[Dorsey & Whitney LLP Letterhead]
August 3, 2021
201 Redwood Shores Pkwy, Suite 315
Redwood City, CA 94065
Re: Registration Statement on Form [applicable form] (File No. 333-251498)
Ladies and Gentlemen:
We have acted as counsel to Rezolute, Inc., a Nevada corporation (the “Company”), in connection with the filing by the Company with the Securities and Exchange Commission (the “Commission”) of a Prospectus Supplement (the “Prospectus Supplement”), dated August 3, 2021, to the Prospectus, dated January 6, 2021 and June 23, 2021, included in the Registration Statement on Form S-3 (File No. 333-251498) (the “Registration Statement”) filed by the Company with the Commission under the Securities Act of 1933, as amended (the “Securities Act”), relating to the sale by Lincoln Park Capital Fund, LLC of (i) 33,799 shares of common stock, par value $0.001 per share of the Company (the “Commitment Shares”), currently held by Lincoln Park Capital Fund, LLC, (ii) 95,708 shares of common stock, par value $0.001 per share of the Company (the “Initial Purchase Shares”), currently held by Lincoln Park Capital Fund, LLC and (iii) up to $20,000,000 of newly issued shares of common stock, par value $0.001 per share of the Company (the “Additional Shares,” and, collectively with the Commitment Shares and the Initial Purchase Shares, the “Common Shares”) that may be issued, from time to time, pursuant to the Purchase Agreement dated as of August 2, 2021 between the Company and Lincoln Park Capital Fund, LLC (the “Purchase Agreement”).
We have examined such documents and have reviewed such questions of law as we have considered necessary or appropriate for the purposes of our opinions set forth below. In rendering our opinions set forth below, we have assumed the authenticity of all documents submitted to us as originals, the genuineness of all signatures and the conformity to authentic originals of all documents submitted to us as copies. We have also assumed the legal capacity for all purposes relevant hereto of all natural persons. As to questions of fact material to our opinions, we have relied upon certificates or comparable documents of officers and other representatives of the Company and of public officials.

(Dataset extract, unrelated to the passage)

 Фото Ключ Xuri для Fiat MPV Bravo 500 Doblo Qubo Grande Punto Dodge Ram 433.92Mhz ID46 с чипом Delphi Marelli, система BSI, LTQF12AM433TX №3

|1.||Based on the foregoing, we are of the opinion that the Commitment Shares and the Initial Purchase Shares have been validly issued and are fully paid and non-assessable.|
|2.||Following (i) issuance and delivery of the Additional Shares in the manner contemplated by the Purchase Agreement, and (ii) receipt by the Company of the consideration for the Additional Shares specified in the Purchase Agreement and the resolutions of the Board of Directors, the Additional Shares will be validly issued, fully paid and nonassessable.|
August 3, 2021
Our opinions expressed above are limited to the Chapter 78 of the Nevada Revised Statutes.

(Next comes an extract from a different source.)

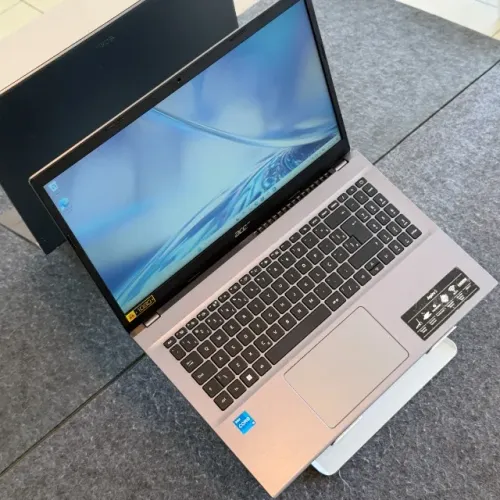 Notebook Acer, i5 de 12ª, 8gb de RAM, 256gb de SSD e tela de 15 polegadas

We hereby consent to the filing of this opinion as an exhibit to a Current Report on Form 8-K to be filed by the Company with the Commission on the date hereof, which Current Report on Form 8-K will be incorporated by reference into the Registration Statement, and to the reference to our firm under the heading “Legal Matters” in the Prospectus Supplement. In giving this consent, we do not admit that we are within the category of persons whose consent is required under Section 7 of the Securities Act or the rules and regulations of the Commission thereunder.